I've got an XI server here with about 900 Hosts and 4,880 Services. I'm having trouble running various reports - specifically when looking backwards in time more than a week or so. The Availability report and Executive Summary reports are two, for example. If I do a report for the Host and Service data for a single host, for the last month, they both take a long time to complete. (5 minutes?). This is also seemingly causing host and service check result processing to get delayed and in-turn congested; and since I have alerting setup for Host/Service check Latency, I get alerts for that.
Looking deeper, the troublesome reports seem to call 'avail.cgi', which maxes out at 100% cpu for a few minutes at a time. If I try to go back, or open other Nagios pages, I see my browser waiting for an available socket.

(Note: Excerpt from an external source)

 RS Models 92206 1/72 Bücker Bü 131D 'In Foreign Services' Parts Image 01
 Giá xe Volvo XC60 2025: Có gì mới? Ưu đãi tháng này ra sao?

Doing a strace of avail.cgi, I see a LOT of messages such as this:
Code: Select all
brk(NULL) = 0x7ec9f000
brk(0x7ecc0000) = 0x7ecc0000
brk(NULL) = 0x7ecc0000
brk(0x7ece1000) = 0x7ece1000
brk(NULL) = 0x7ece1000
brk(0x7ed02000) = 0x7ed02000
brk(NULL) = 0x7ed02000
brk(0x7ed23000) = 0x7ed23000
brk(NULL) = 0x7ed23000Can you help me figure out what the problem here is? Is there perhaps any cleanup that I can or should perform?
I've removed all perfdata files of anything older than (not updated in) 90-days. I do have a lot of 'disabled' hosts and services sitting in the CCM.
Thanks,
-marc